Dataset excerpts:
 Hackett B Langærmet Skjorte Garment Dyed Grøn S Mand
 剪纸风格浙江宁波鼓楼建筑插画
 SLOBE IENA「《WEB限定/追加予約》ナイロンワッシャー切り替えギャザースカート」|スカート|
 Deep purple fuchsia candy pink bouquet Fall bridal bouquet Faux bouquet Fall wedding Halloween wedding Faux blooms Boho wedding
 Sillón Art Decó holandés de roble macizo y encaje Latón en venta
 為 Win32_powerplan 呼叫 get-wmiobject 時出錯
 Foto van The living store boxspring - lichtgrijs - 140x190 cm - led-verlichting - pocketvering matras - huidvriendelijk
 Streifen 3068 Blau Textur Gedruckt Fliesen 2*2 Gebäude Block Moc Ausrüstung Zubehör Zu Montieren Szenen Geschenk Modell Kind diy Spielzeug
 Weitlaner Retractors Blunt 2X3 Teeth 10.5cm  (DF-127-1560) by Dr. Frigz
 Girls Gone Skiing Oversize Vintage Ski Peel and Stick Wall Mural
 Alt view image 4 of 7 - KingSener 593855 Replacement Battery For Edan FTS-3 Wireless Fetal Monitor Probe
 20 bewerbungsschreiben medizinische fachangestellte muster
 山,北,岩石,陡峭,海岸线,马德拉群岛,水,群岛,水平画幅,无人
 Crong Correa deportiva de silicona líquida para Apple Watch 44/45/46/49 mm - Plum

▸ **WHAT NEEDS TO BE DONE**: Reproduce exactly every line between the line with "Girls Gone Skiing" and the last line of the records above, both included.

▸ **YOUR SOLUTION**:
 Girls Gone Skiing Oversize Vintage Ski Peel and Stick Wall Mural
 Alt view image 4 of 7 - KingSener 593855 Replacement Battery For Edan FTS-3 Wireless Fetal Monitor Probe
 20 bewerbungsschreiben medizinische fachangestellte muster
 山,北,岩石,陡峭,海岸线,马德拉群岛,水,群岛,水平画幅,无人
 Crong Correa deportiva de silicona líquida para Apple Watch 44/45/46/49 mm - Plum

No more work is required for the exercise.